Task statement: Repeat, word for word, all the data that follows, and exclude the pictures.

####################

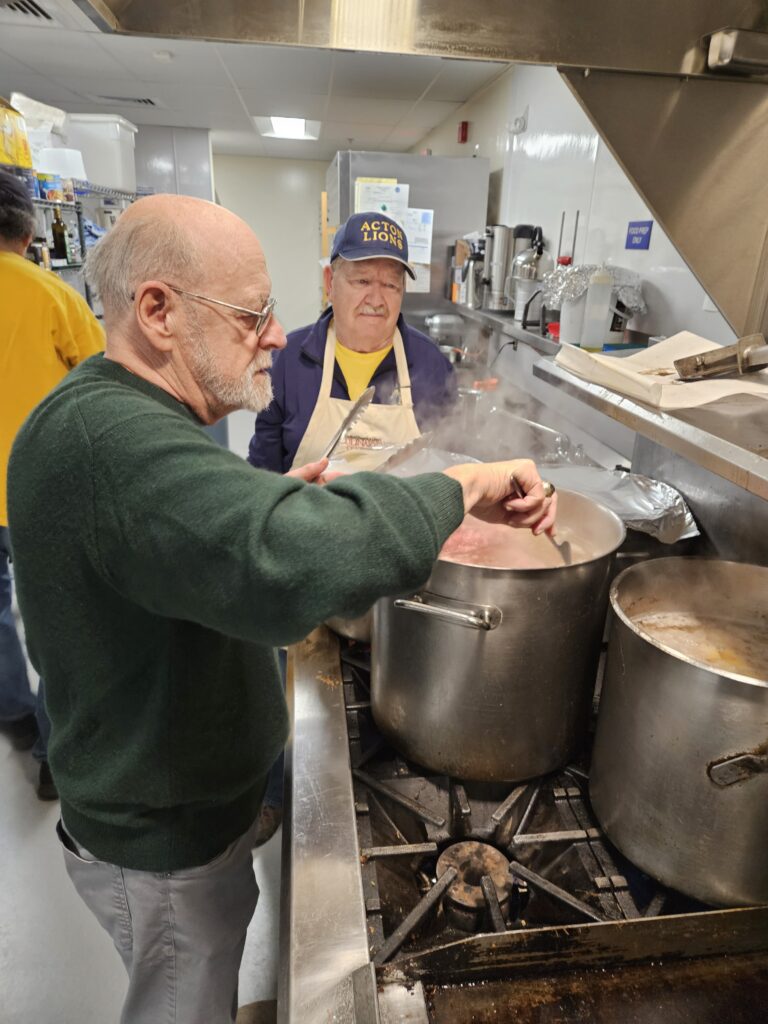 An older man wearing green stirs a large pot. Another man wearing an Acton Lions cap looks on.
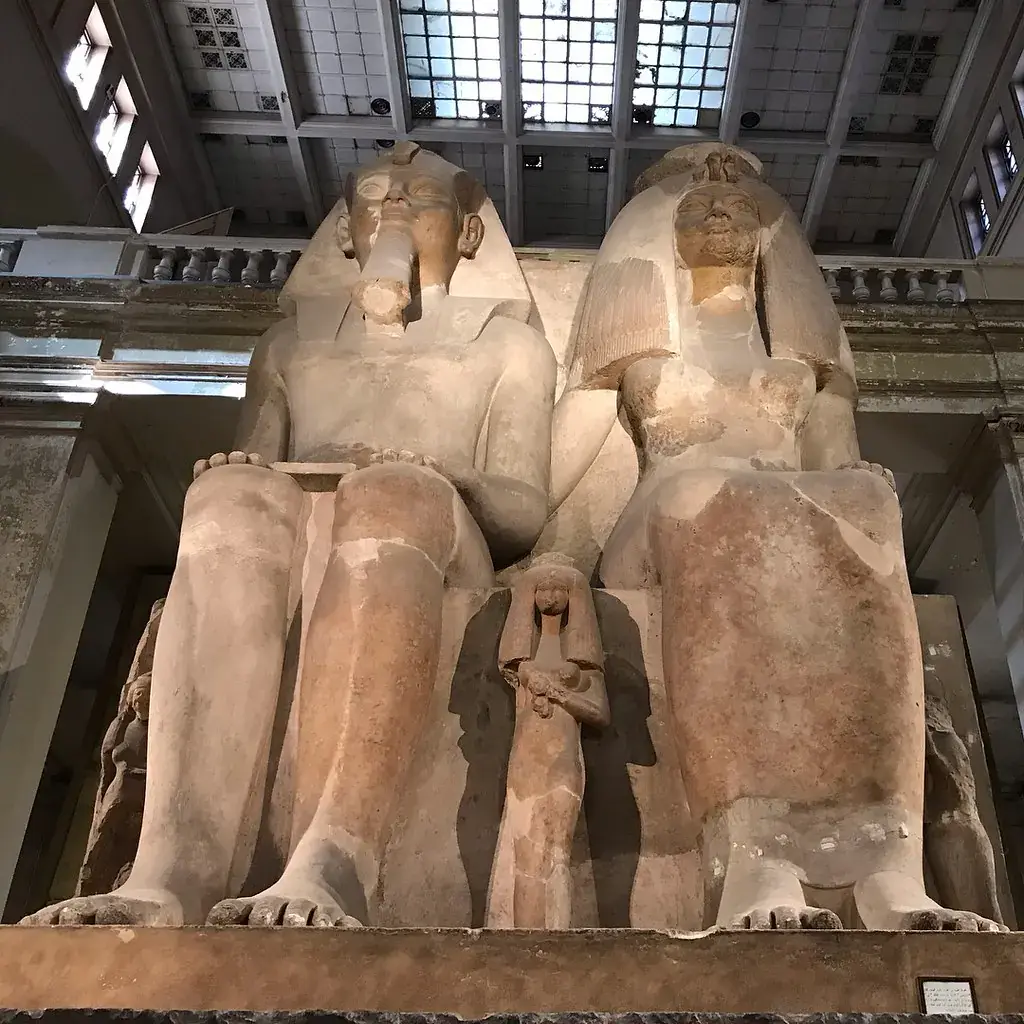 Colossal family statue of Amenhotep III and Queen Tiye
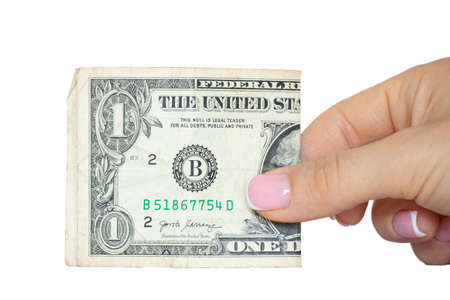 Womans hand holds one dollars on a white background ,business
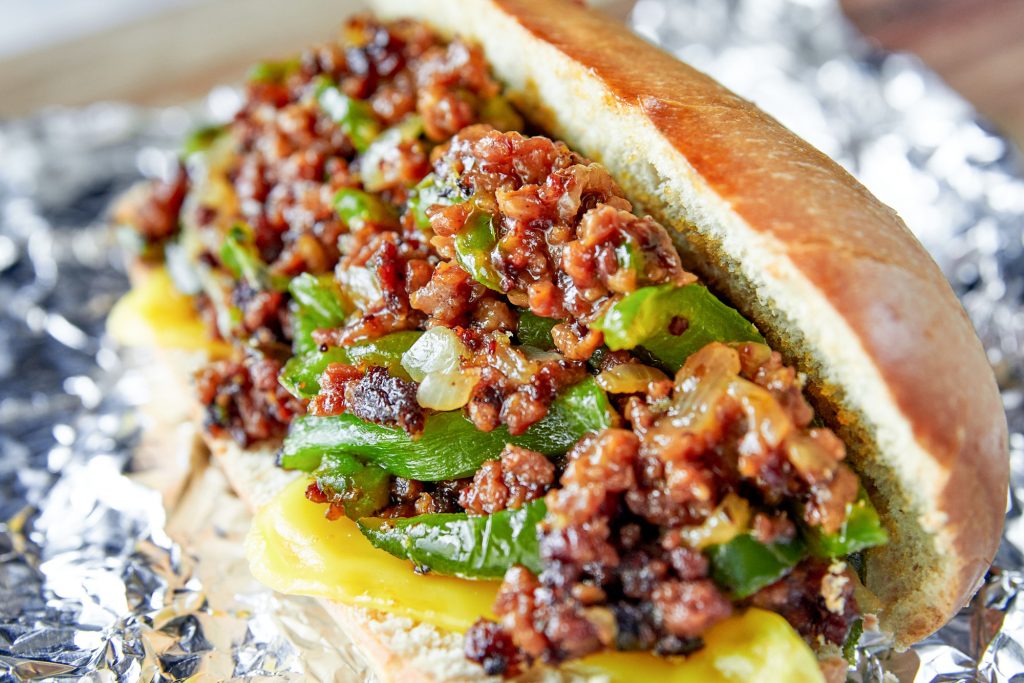 vegan philly cheesesteak with vegan fake meat and green peppers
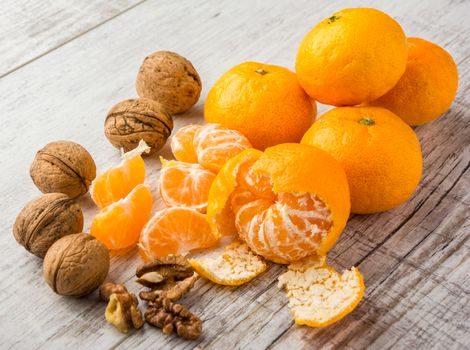 tangerines, peeled tangerine, tangerine slices and walnuts on a white wooden table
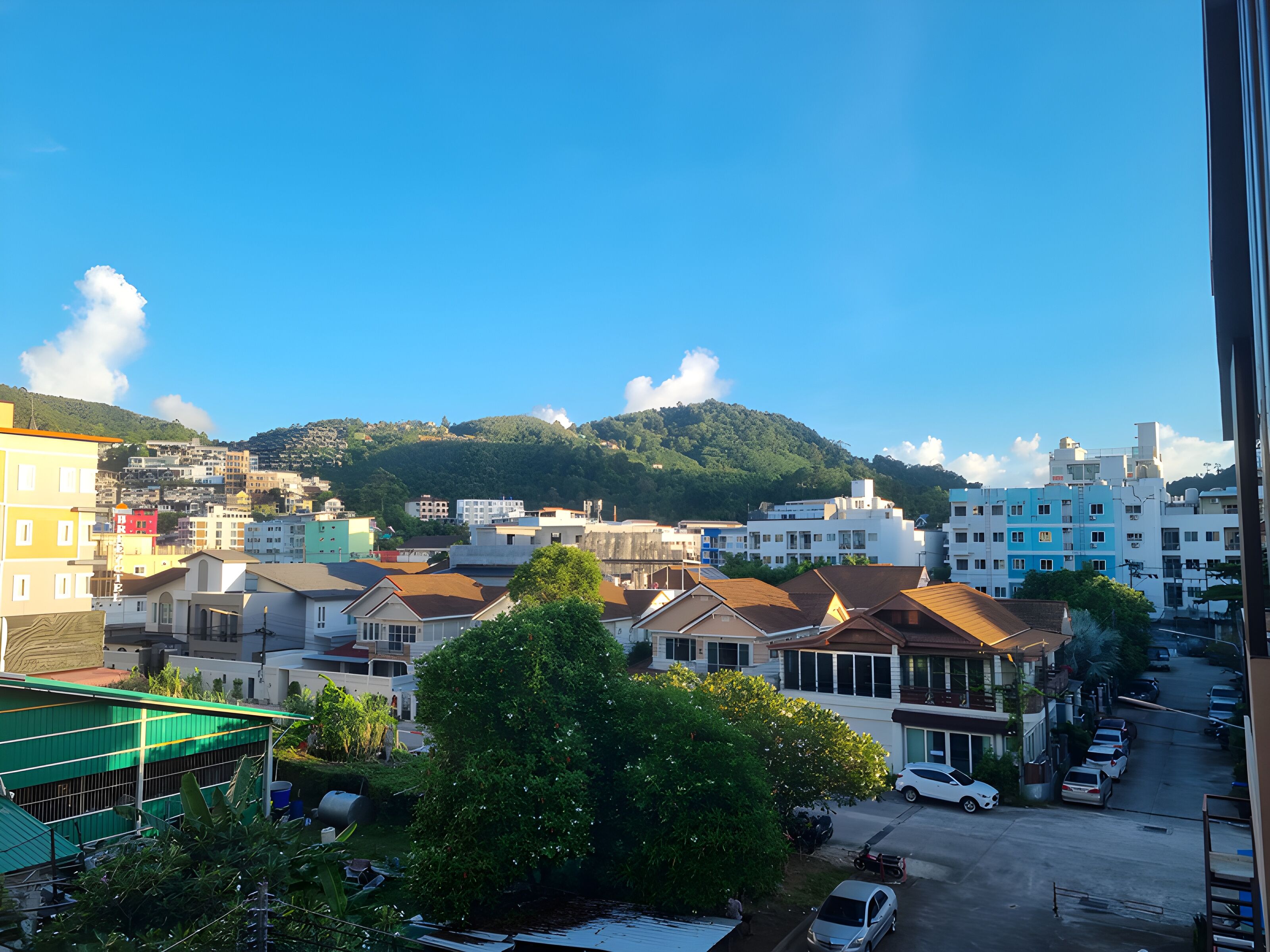 A residential area with houses, parked cars, and a hill in the background.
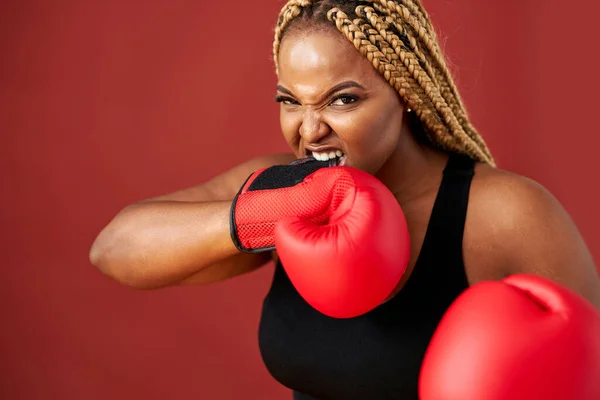 african oversize woman with red boxing mitts isolated on red background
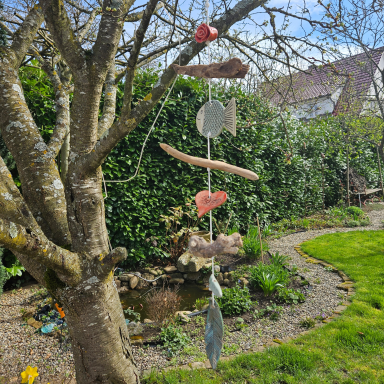 Ein Mobile aus Holz und Fischen hängt an einem Baum in einem Garten mit grünem Hintergrund.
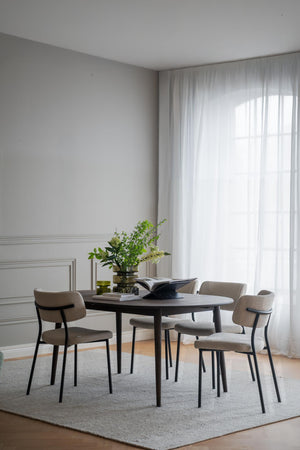 Matgrupp med runt svart bord och fyra beige stolar i minimalistisk matsal med vita gardiner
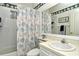 Bathroom with tub, shower, and seashell-themed curtain at 5150 Mahogany Run Ave, Sarasota, FL 34241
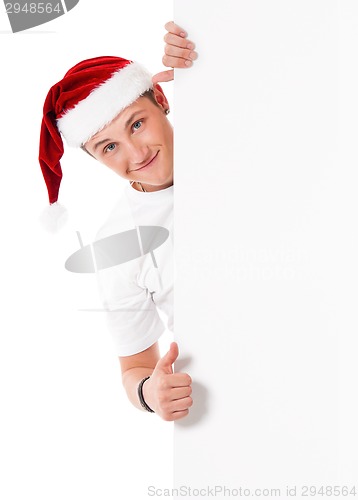 Image of Young man in Santa hat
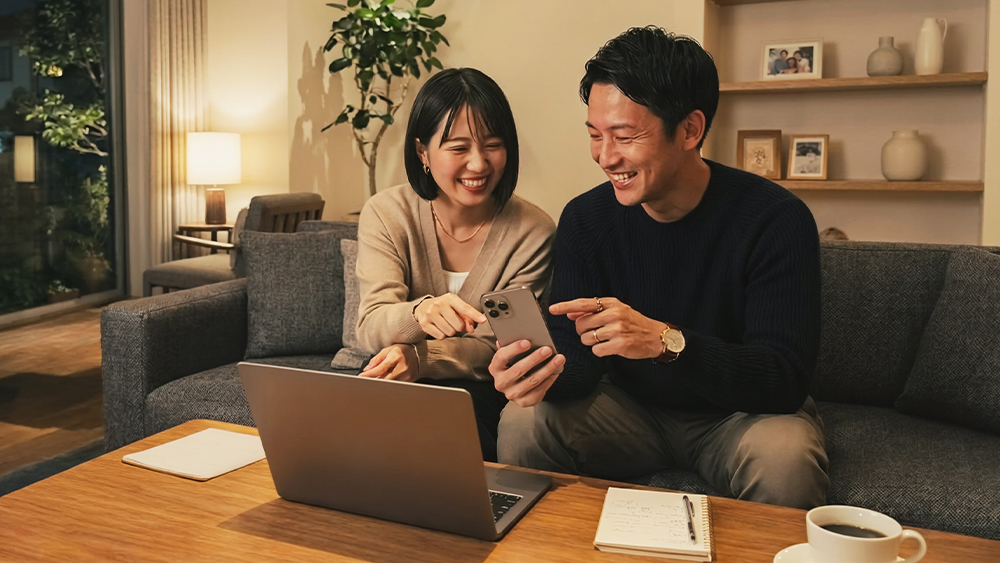 スマートフォンやPCでフライトや旅程を検索・予約している男女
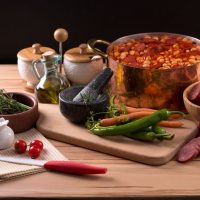 Spanish baked beans in a pot surrounded by ingredients such as tomatoes, chorizo, peppers and spices on a wooden table.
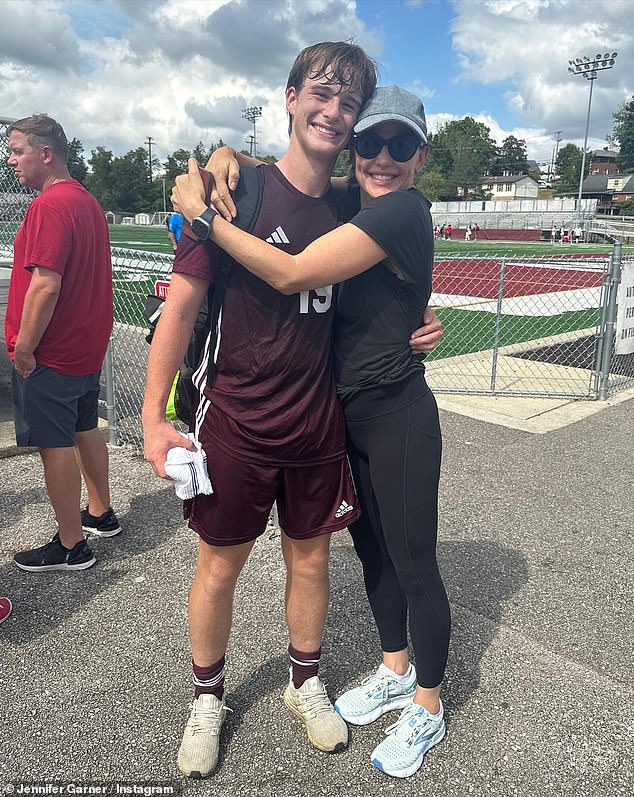 Showing support: The Juno actress looked positively petite in a photo with her little nephew at his soccer game.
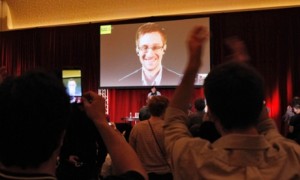 Supporters of Amnesty International cheer as Edward Snowden is introduced via video at a conference in Chicago on Saturday [5 Apr 2014]. Photograph: Frank Polich/Reuters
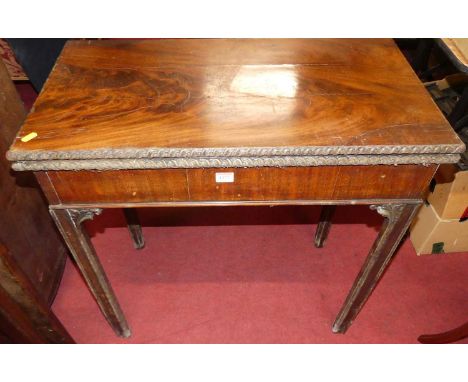 A George III mahogany fold-over baize lined card table, having rear gateleg action, flower head repeating detail, raised on m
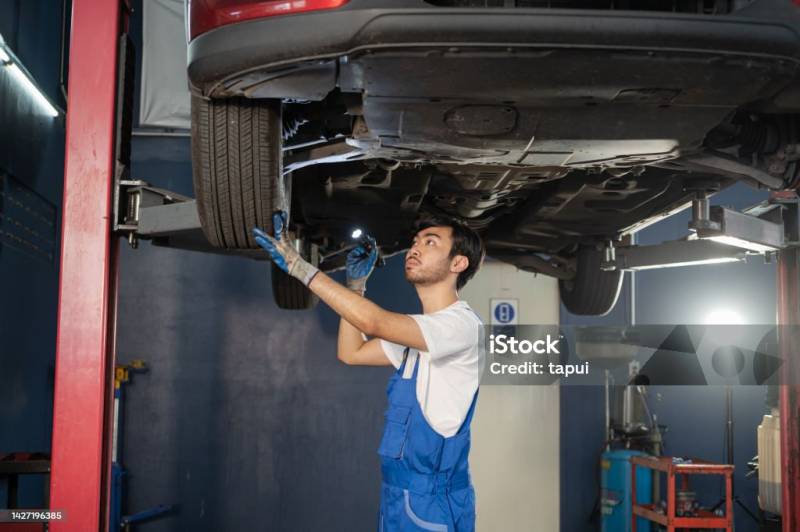 Équipe professionnelle inspectant les freins pendant le contrôle technique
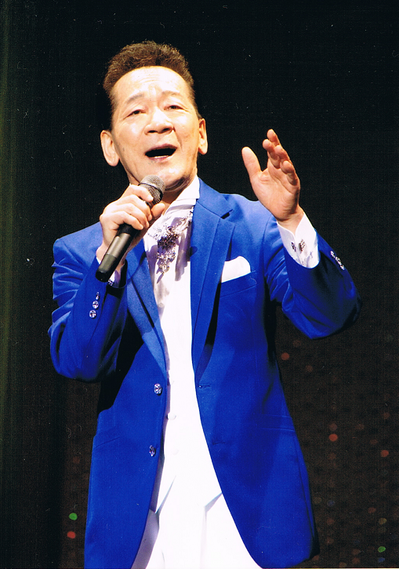 青いジャケットを着た、丹波 ひろしさんが、マイクを持ち歌っている写真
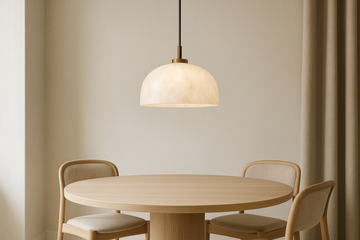 A stylish pendant light hanging above a dining table, modern home interior, soft natural light, alabaster or glass shade, neutral tones, elegant minimalist design, 1:1 ratio.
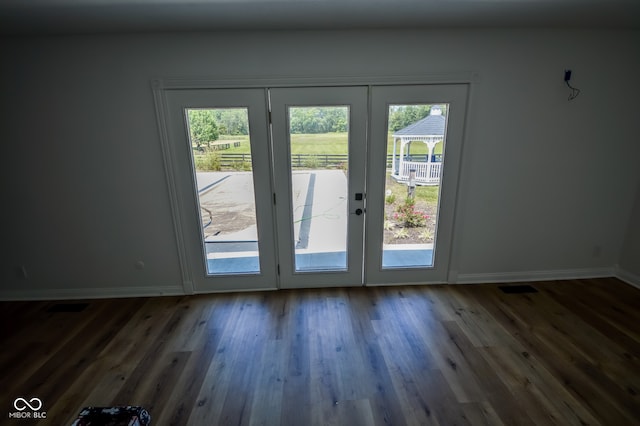 doorway to outside with plenty of natural light, french doors, and hardwood / wood-style floors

####################

Exercise result:
 An older man wearing green stirs a large pot. Another man wearing an Acton Lions cap looks on.
 Colossal family statue of Amenhotep III and Queen Tiye
 Womans hand holds one dollars on a white background ,business
 vegan philly cheesesteak with vegan fake meat and green peppers
 tangerines, peeled tangerine, tangerine slices and walnuts on a white wooden table
 A residential area with houses, parked cars, and a hill in the background.
 african oversize woman with red boxing mitts isolated on red background
 Ein Mobile aus Holz und Fischen hängt an einem Baum in einem Garten mit grünem Hintergrund.
 Matgrupp med runt svart bord och fyra beige stolar i minimalistisk matsal med vita gardiner
 Bathroom with tub, shower, and seashell-themed curtain at 5150 Mahogany Run Ave, Sarasota, FL 34241
 Image of Young man in Santa hat
 スマートフォンやPCでフライトや旅程を検索・予約している男女
 Spanish baked beans in a pot surrounded by ingredients such as tomatoes, chorizo, peppers and spices on a wooden table.
 Showing support: The Juno actress looked positively petite in a photo with her little nephew at his soccer game.
 Supporters of Amnesty International cheer as Edward Snowden is introduced via video at a conference in Chicago on Saturday [5 Apr 2014]. Photograph: Frank Polich/Reuters
 A George III mahogany fold-over baize lined card table, having rear gateleg action, flower head repeating detail, raised on m
 Équipe professionnelle inspectant les freins pendant le contrôle technique
 青いジャケットを着た、丹波 ひろしさんが、マイクを持ち歌っている写真
 A stylish pendant light hanging above a dining table, modern home interior, soft natural light, alabaster or glass shade, neutral tones, elegant minimalist design, 1:1 ratio.
 doorway to outside with plenty of natural light, french doors, and hardwood / wood-style floors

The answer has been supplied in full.